_TASK_:
Each record should be given again exactly as it appears, with no image included.
-------------------------
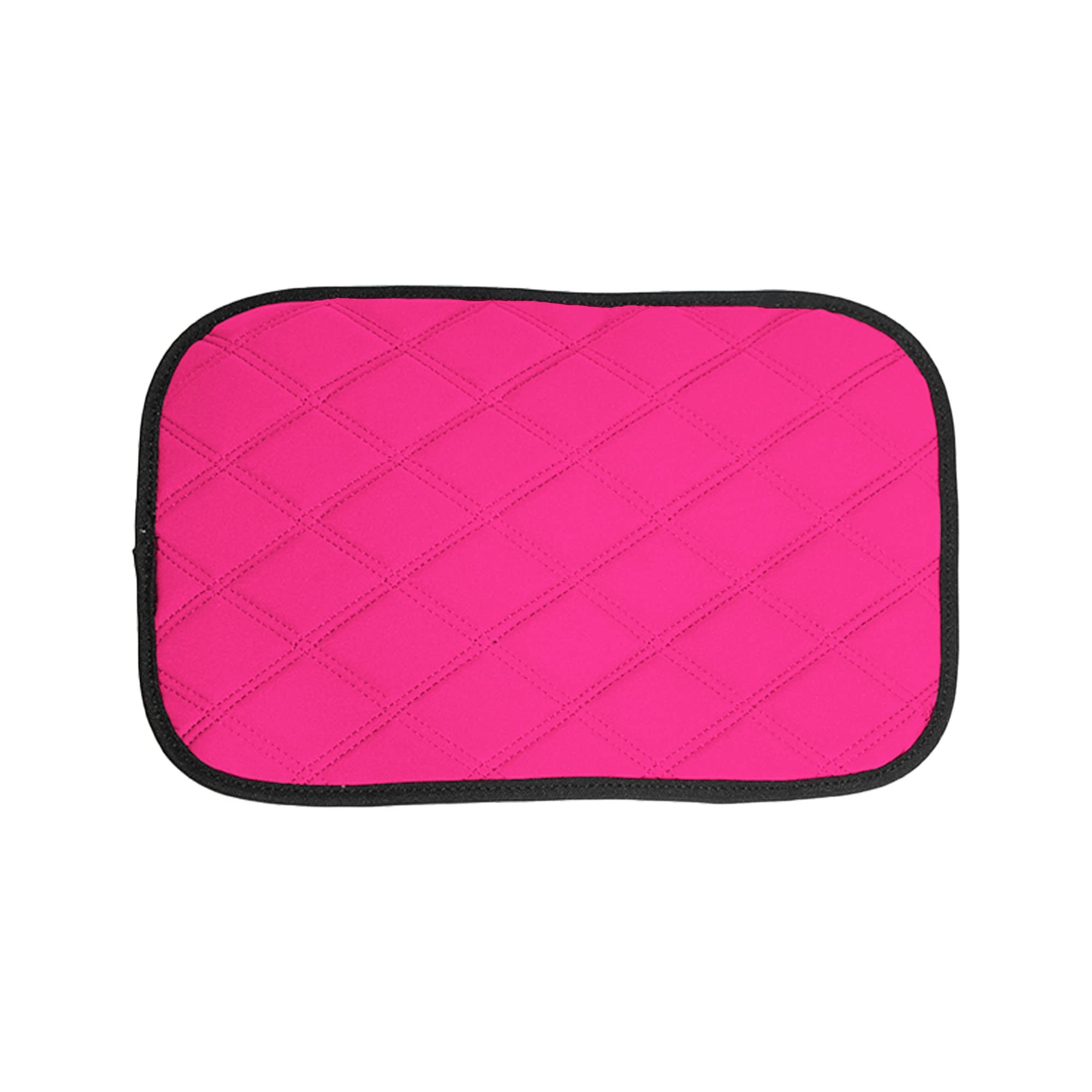 FH Group Neosupreme Pink Diamond Pattern Center Console Pad – Water-Resistant Armrest Cover Protector for Cars, SUVs &amp; Trucks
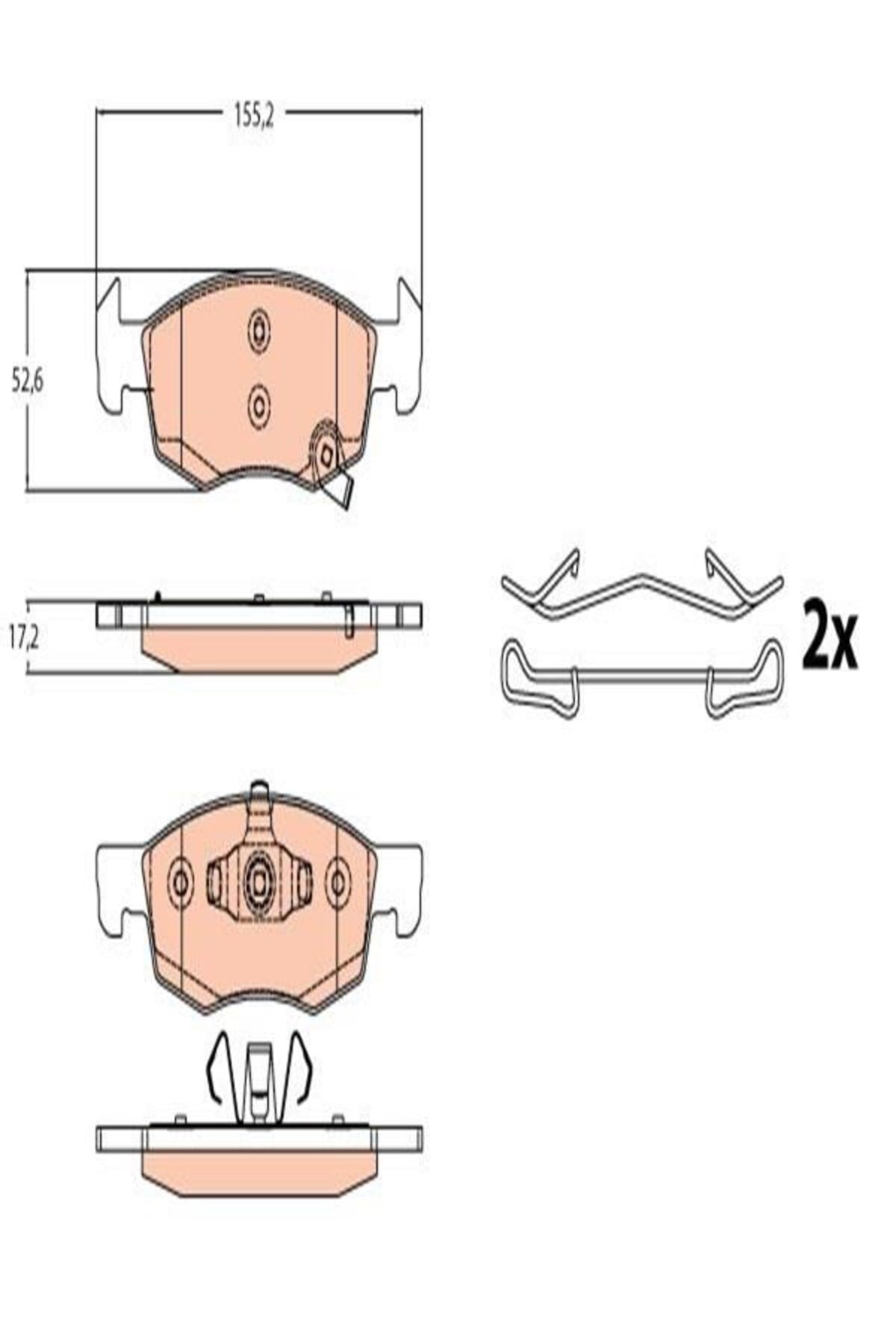 Gdb2099 Fren Balatasi On (OPEL: CORSA E 14-) 98845078 (WC791458)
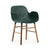 Form Wood Base Armchair Chairs Normann Copenhagen Walnut + $60.00 Green 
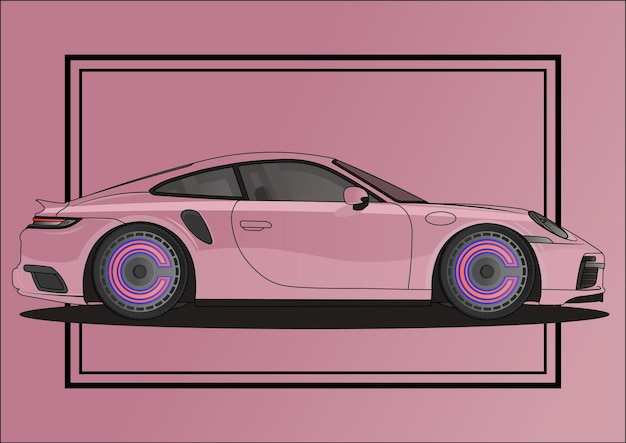 Vector porsche 911 singer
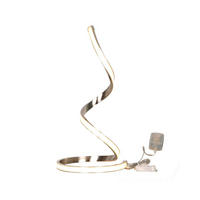 LAMPE Jara, Silber/Chrom, 42cm - Chromfarben, Metall (22/22/42cm) - KOSILUM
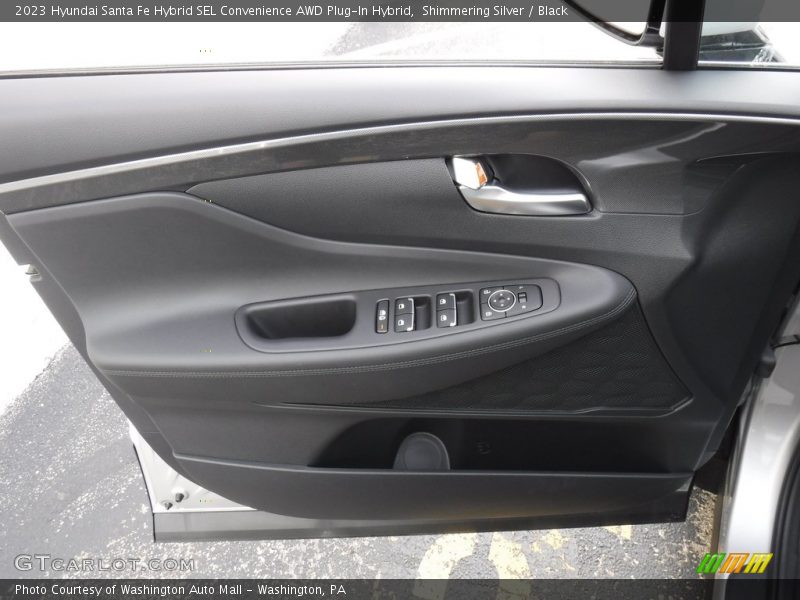 Shimmering Silver / Black 2023 Hyundai Santa Fe Hybrid SEL Convenience AWD Plug-In Hybrid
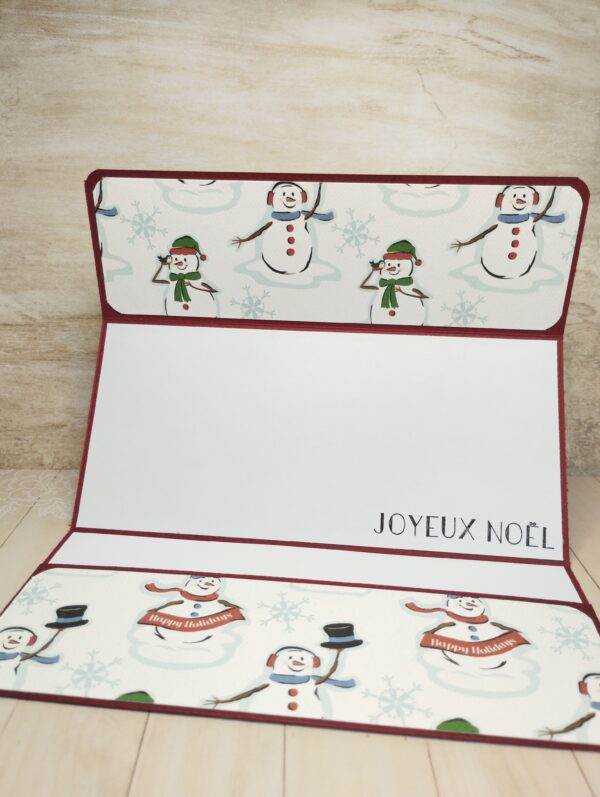 Pochette bonhomme de neige – Image 3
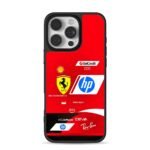 Ferrari F1 Leclerc livery iPhone 16 Pro Max Black Case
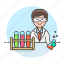 erlenmeyer, experiments, flask, lab, man, rack, science, scientist, technology, test, tubes 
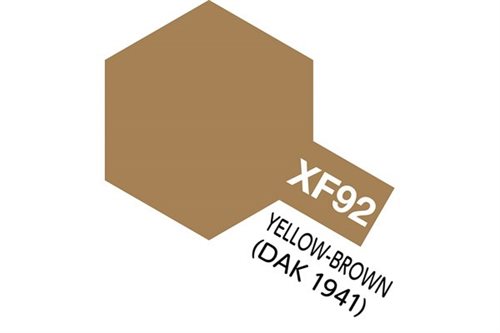 Tamiya XF 92 YELLOW-BROWN DAK 1941, 10 ml NYHED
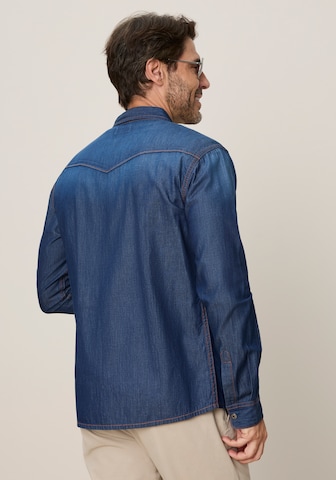ARIZONA Regular fit Button Up Shirt in Blue
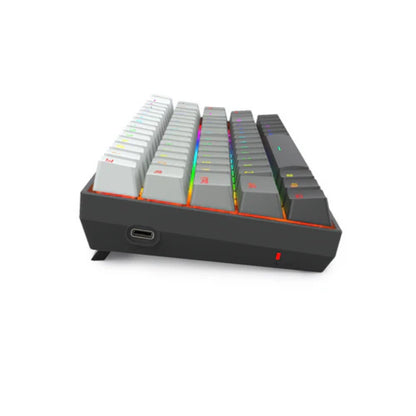 E-YOOSO HZ-68 RGB 68-Keys Hot-Swappable Mechanical Keyboard Gradient Grey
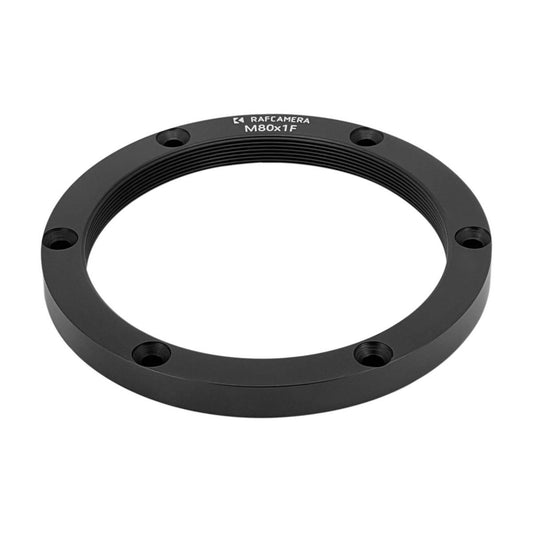 Lens board (mount flange) with M80x1 female thread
-------------------------
_SOLUTION TO THIS PROBLEM_:
 FH Group Neosupreme Pink Diamond Pattern Center Console Pad – Water-Resistant Armrest Cover Protector for Cars, SUVs &amp; Trucks
 Gdb2099 Fren Balatasi On (OPEL: CORSA E 14-) 98845078 (WC791458)
 Form Wood Base Armchair Chairs Normann Copenhagen Walnut + $60.00 Green 
 Vector porsche 911 singer
 LAMPE Jara, Silber/Chrom, 42cm - Chromfarben, Metall (22/22/42cm) - KOSILUM
 Shimmering Silver / Black 2023 Hyundai Santa Fe Hybrid SEL Convenience AWD Plug-In Hybrid
 Pochette bonhomme de neige – Image 3
 Ferrari F1 Leclerc livery iPhone 16 Pro Max Black Case
 erlenmeyer, experiments, flask, lab, man, rack, science, scientist, technology, test, tubes 
 Tamiya XF 92 YELLOW-BROWN DAK 1941, 10 ml NYHED
ARIZONA Regular fit Button Up Shirt in Blue
 E-YOOSO HZ-68 RGB 68-Keys Hot-Swappable Mechanical Keyboard Gradient Grey
 Lens board (mount flange) with M80x1 female thread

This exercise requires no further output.